Operation Concept Document (OCD) as a basis for ABSR system requirements specification created

The project partners have agreed on an Operation Concept Document (OCD) focusing on possible implementation of speech recognition systems in air traffic control environment. Prague and Vienna approaches will participate in later verification and, therefore, the document is based on their needs. After review by SJU the document will be public available.

The System Requirements Specification document is currently derived from the OCD. This document will contain general requirements for Assistance Based Speech Recognition (ABSR)  applied in ATM applications.
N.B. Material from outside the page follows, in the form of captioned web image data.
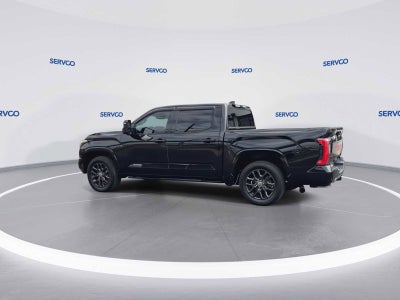 2022 Toyota Tundra 4WD Platinum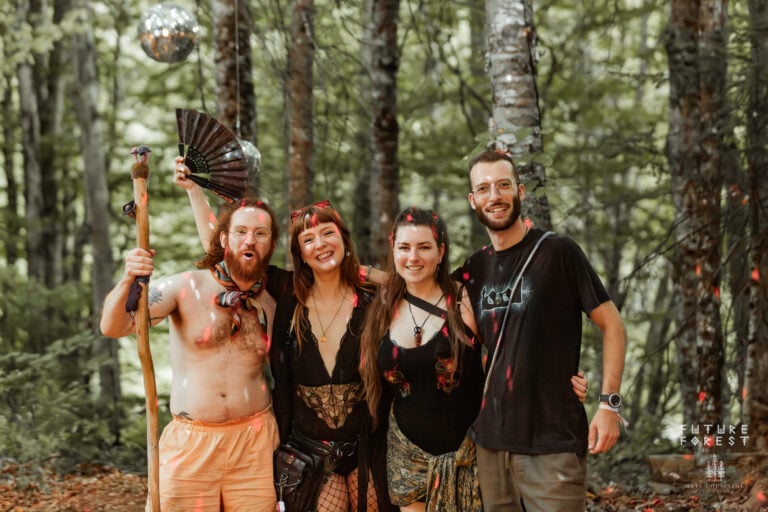 Photo du festival Future Forest 2025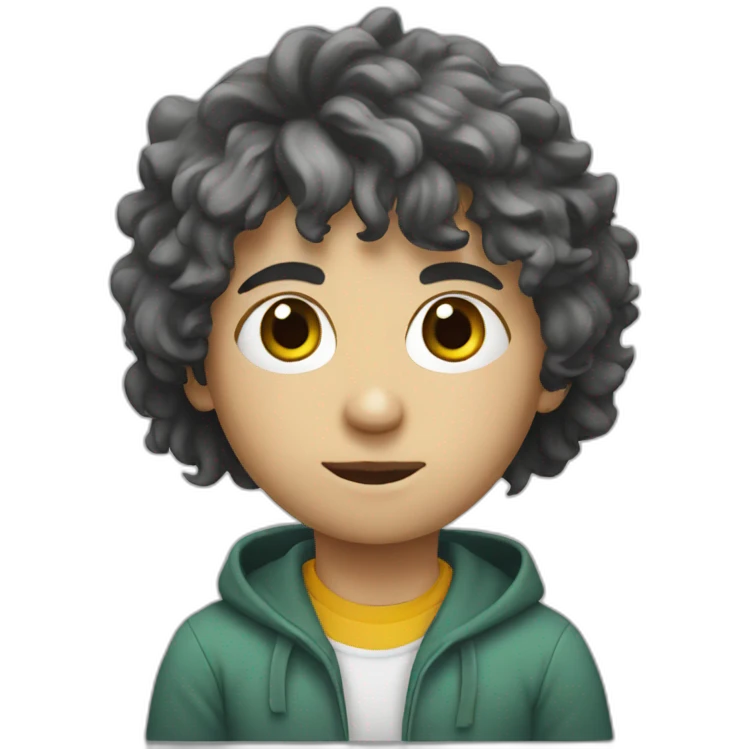 Studying emoji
MALORCA mainly focuses on reducing the adaptation costs for ABSR application to different airports. Therefore, machine learning algorithms will analyze large amounts of speech and the corresponding radar data samples from live traffic of Vienna and Prague. MALORCA will use the speech data normally recorded for incident evaluation although the data is very noisy and only digitized with 8 kHz (standard for speech recognition application are at least 16 kHz). However, these data are easily available in many ATC center so that many ANSPs can benefit from MALORCA’s results.  From other Speech Recognition applications it is well known that word error increases by at least 30% (factor of 1.3), if 8 kHz instead of 16 kHz is used, resulting in poor sentence error rates, i.e. poor command recognition rates in ATC context. MALORCA will try to compensate this effect by Assistance Based Speech Recognition (ABSR)  , i.e. by using knowledge of command hypotheses derived from the output of the Arrival Manager.

First radar data samples together with speech data are available for Vienna approach. DLR’s Arrival Manager 4D-CARMA was adapted to Vienna.

Radar screen of DLR’s Arrival Manager 4D-CARMA adapted to Vienna
Radar screen of DLR’s Arrival Manager 4D-CARMA adapted to Vienna

The command hypotheses of the Arrival Manager will ease first manual transcription of test data sets of speech data and improve machine learning performance.